#### Exercise directions:
Images don't belong in the copy. Output the rest of the data exactly.

#### Records supplied:
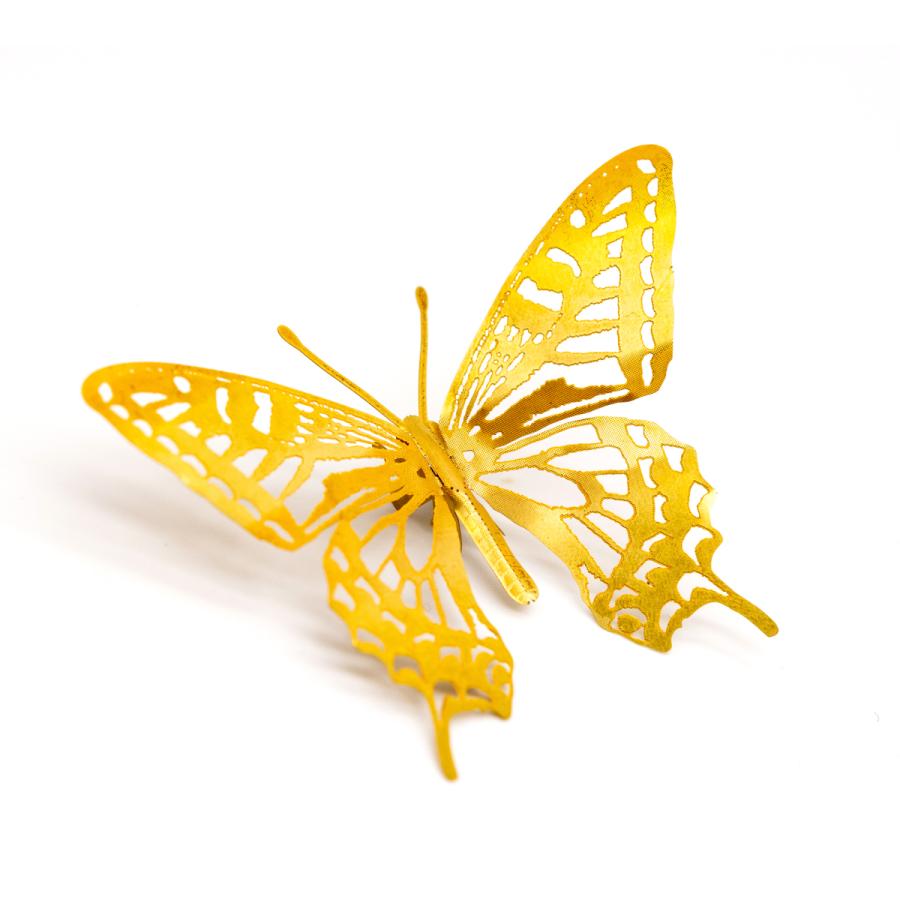 メタルホビー「アゲハチョウ」 |  | 02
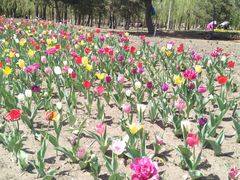 -长春公园(普阳街道)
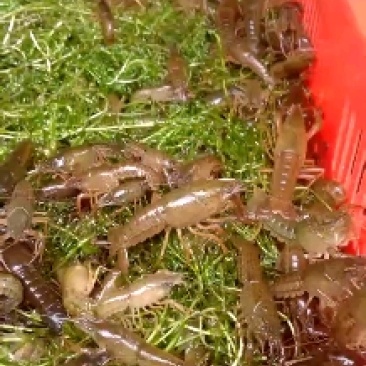 水产种苗盱眙优质龙虾苗青苗塘口苗种虾种苗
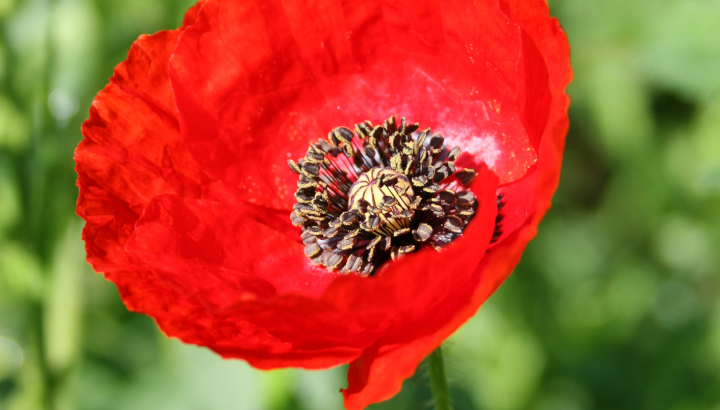 Semaine Pour les Alternatives aux Pesticides (SPAP)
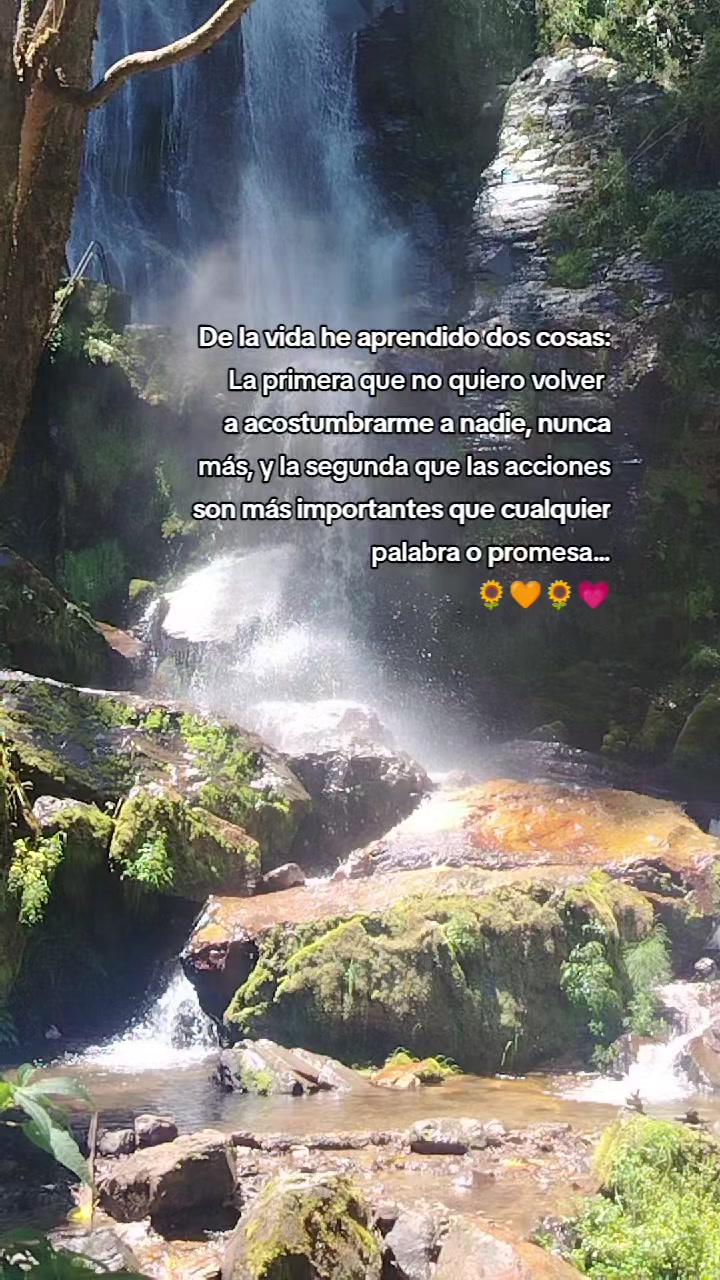 @Mely Jime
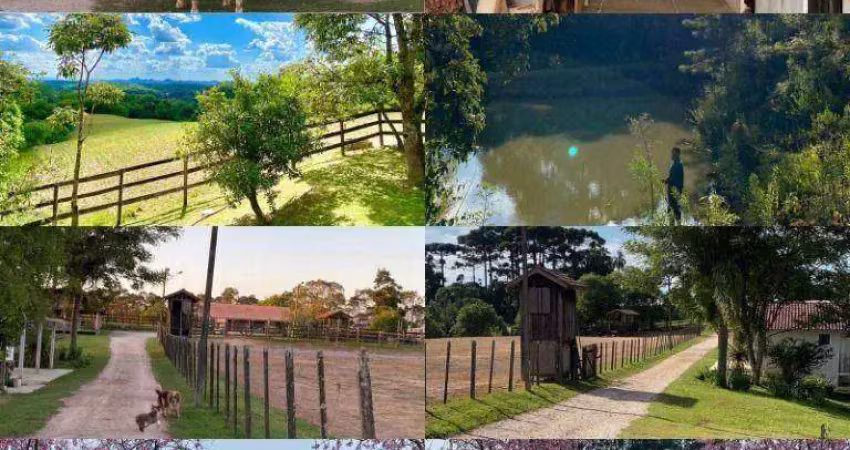 Chácara com 6 dormitórios à venda, 96800 m² por r$ 2.990.000,00 - marmeleiro - almirante tamandaré/pr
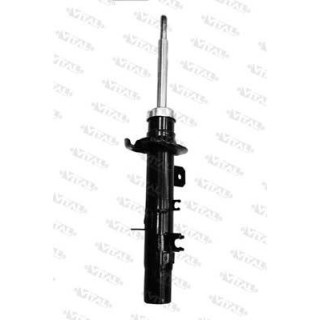 AMM ANT SX C2 - C3 I SR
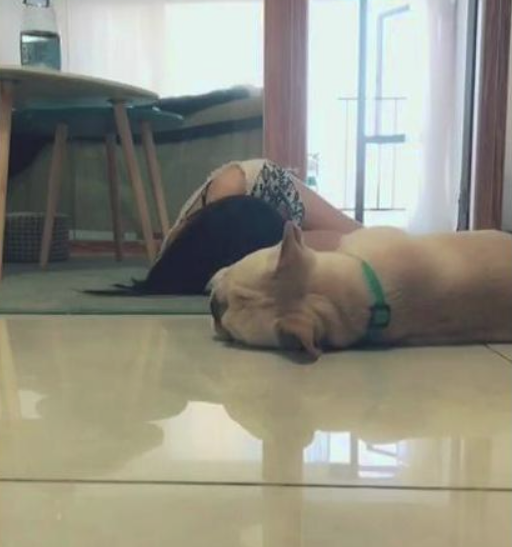 女孩儿在狗狗眼前装昏倒，平常在网上感人至深风格，在它这儿是：喜剧片！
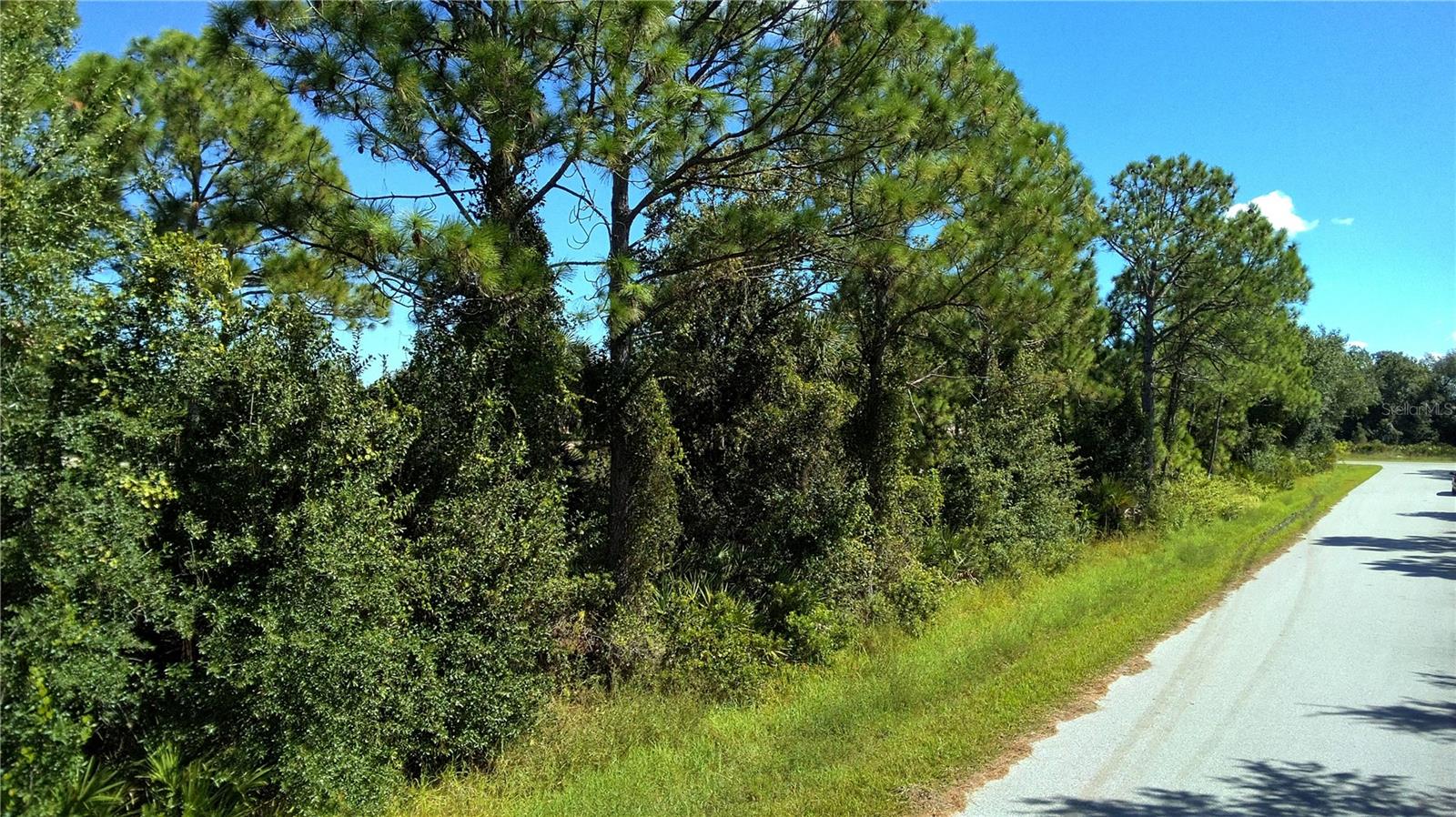 22220 CLINTON AVE, PORT CHARLOTTE, FL, 33954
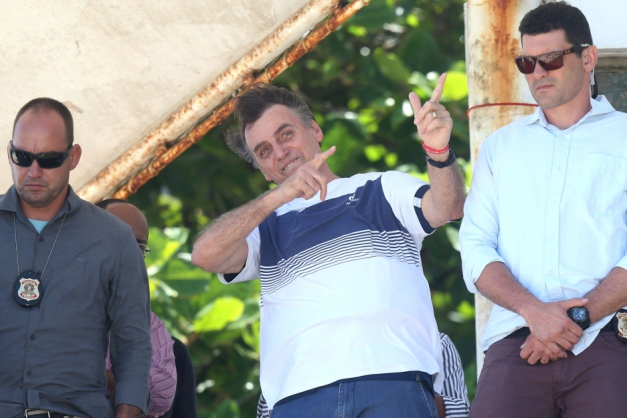 Macaque in the trees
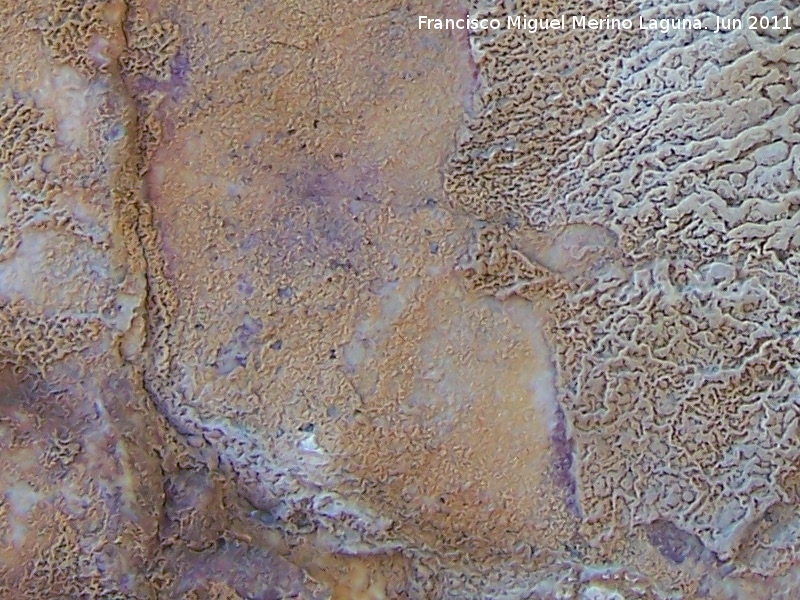 Pinturas rupestres de la Pea del Gorrin IIb - Pinturas rupestres de la Pea del Gorrin IIb. Restos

#### Written answer:
 メタルホビー「アゲハチョウ」 |  | 02
 -长春公园(普阳街道)
 水产种苗盱眙优质龙虾苗青苗塘口苗种虾种苗
 Semaine Pour les Alternatives aux Pesticides (SPAP)
 @Mely Jime
 Chácara com 6 dormitórios à venda, 96800 m² por r$ 2.990.000,00 - marmeleiro - almirante tamandaré/pr
 AMM ANT SX C2 - C3 I SR
 女孩儿在狗狗眼前装昏倒，平常在网上感人至深风格，在它这儿是：喜剧片！
 22220 CLINTON AVE, PORT CHARLOTTE, FL, 33954
 Macaque in the trees
 Pinturas rupestres de la Pea del Gorrin IIb - Pinturas rupestres de la Pea del Gorrin IIb. Restos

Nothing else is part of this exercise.